Again, this is what Chris shows just with different element indices. Ok, so this is the answer we are looking for. Now let’s see what we get when we do the tf-idf calculation in ```sklearn```:

In [12]:
# Inverse document frequency (idf) feature extraction using sklearn
# sklearn's TfidfTransformer is used to calculate the idf for each
# term across all texts in test set. The default is to normalize all
# idf values by the L2 norm. This normalization has been disabled by
# passing the argument norm=None so that it is more intuitive to see
# what is going on and can be compared to Chris' post.

# import TfidfTransformer from sklearn

from sklearn.feature_extraction.text import TfidfTransformer

# make instance of TfidfTransformer called "tfidf"

tfidf = TfidfTransformer(norm=None)

# return un-normalized tf-idf matrix using sparse matrix of tf values that
# was generated above

tfidf_matrix = tfidf.fit_transform(smatrix)

print(tfidf_matrix.todense())

[[0.         1.         1.40546511 1.        ]
 [0.         1.         0.         2.        ]]


So this is quite different from what we expected. When stuff like this happens, I immediately go to the documentation page or stackoverflow (after first making sure that I didn’t make a mistake). **After some digging, I found out that the default equation for calculating the idf in sklearn is not the same as what is shown above!** The equation that sklearn uses is described [here](https://scikit-learn.org/stable/modules/generated/sklearn.feature_extraction.text.TfidfTransformer.html):

> If ```smooth_idf=True``` (the default), the constant “1” is added to the numerator and denominator of the idf as if an extra document was seen containing every term in the collection exactly once, which prevents zero divisions: idf(d, t) = log [ (1 + n) / (1 + df(d, t)) ] + 1.

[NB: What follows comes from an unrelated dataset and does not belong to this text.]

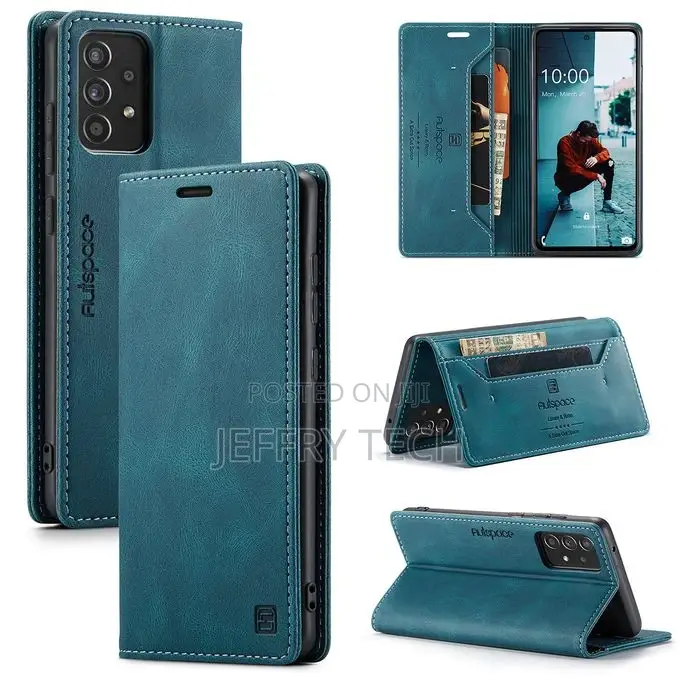 Samsung Galaxy A52 5G Wallet Case, Vintage Leather Flip Cove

Now if we do this calculation using the formula above, we get the following:

   >**Blue**: $ln ((1+2)/(1+0)) + 1 = 2.099$

   >**Bright**: $ln ((1+2)/(1+2)) + 1= 1.0$

   >**Sky**: $ln ((1+2)/(1+1)) + 1= 1.405$

   >**Sun**: $ln ((1+2)/(1+2)) + 1 = 1.0$
   
The expected tf-idf would then be:

$$
\large{
\begin{bmatrix} 
0 & 1 & 1.405 & 1 \\
0 & 1 & 0 & 2 
\end{bmatrix}
}
$$

Which is exactly what we saw!

### So the moral of the story is…make sure you know which definition you are using!